The action was commenced on May 3, 1961, and issue joined on May 23, 1961. The cause was placed upon the calendar for the June 1962 Term after the parties had agreed for the withdrawal of the defendant's answer and entered into a written agreement of separation, dated February 5, 1962. The defendant's signature to this agreement was acknowledged on February 23, 1962, and the plaintiff's on March 9, 1962.
Said agreement not only provided for the separation of the parties, but for the support of the plaintiff and the support and education of their child whose custody was given to the plaintiff. It is evident from paragraph "SECOND: (B)" thereof that the parties contemplated a divorce for it is there provided, in pertinent part: "(B) If the parties hereto shall hereafter be divorced and that thereafter the Wife shall remarry, then the obligation of the Husband for the support and maintenance to the Wife shall cease and terminate without, however, affecting his obligations for the support and maintenance and education of their child until said child is twenty-one (21) years of age." In paragraph "FIFTH" of the agreement, moreover, the parties provided that it "shall not be a bar to any action for divorce that either party may at any future time instigate against the other in any court of competent jurisdiction" and that, in such event, the agreement and all its terms shall survive such divorce decree and remain in full force and effect. Further provision was made that any judgment or decree of divorce shall not contain any provisions different from those contained in the agreement nor shall any of the provisions of the agreement be terminated "except as to separation rights."

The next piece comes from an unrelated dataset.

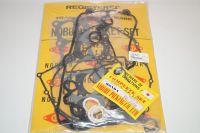 Komplet pakningssæt CBR600 87-90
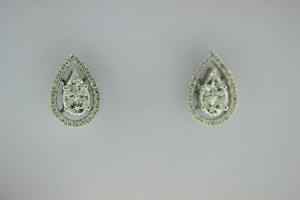 HER1879-8045/9555/001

It appears that subsequently to the execution of the foregoing agreement the plaintiff herein commenced an action for divorce against the defendant in the Third Civil Court of the District of Bravos, State of Chihuahua, Republic of Mexico. The resulting decree of divorce in favor of the plaintiff recites the fact that she was personally present within the jurisdiction of the divorce granting court and that the defendant herein (the defendant in the divorce action) appeared by a duly authorized attorney and submitted himself to the jurisdiction of the Mexican court. The separation agreement, dated February 5, 1962, referred to above, was expressly "approved in all its terms and provisions * * * [and] incorporated in the decree by reference, but shall survive the same."

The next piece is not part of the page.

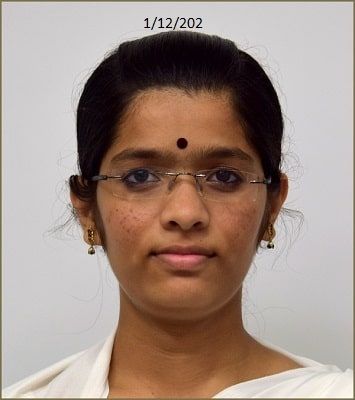 ROKKAM SAI SUDHA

Nevertheless, the plaintiff pressed her action for separation pending in this court and, on September 17, 1962, an inquest was held at which both a certified copy of the Mexican decree dated April 2, 1962, and the agreement of separation therein incorporated, dated February 5, 1962, were introduced in evidence by the plaintiff.
No decree of separation may be entered under the facts and circumstances present here. In the first place, the execution of a separation agreement during the pendency of an action for separation brings such action to an end notwithstanding that no formal order of discontinuance was entered. ( Tobin v. Tobin, 13 Misc.2d 714.) In the second place, the parties have already been duly divorced by a court having jurisdiction of the subject matter and of the person of both parties. A Mexican decree of divorce is recognized in this State as a matter of comity upon proof, as here, that one spouse appeared personally in the Mexican court and the other by a duly authorized attorney. ( Laff v. Laff, 5 Misc.2d 554, affd. 4 A.D.2d 874; Caswell v. Caswell, 111 N.Y.S.2d 875, affd. 280 App. Div. 969.)
It follows that the plaintiff's complaint for a separation must be and is dismissed.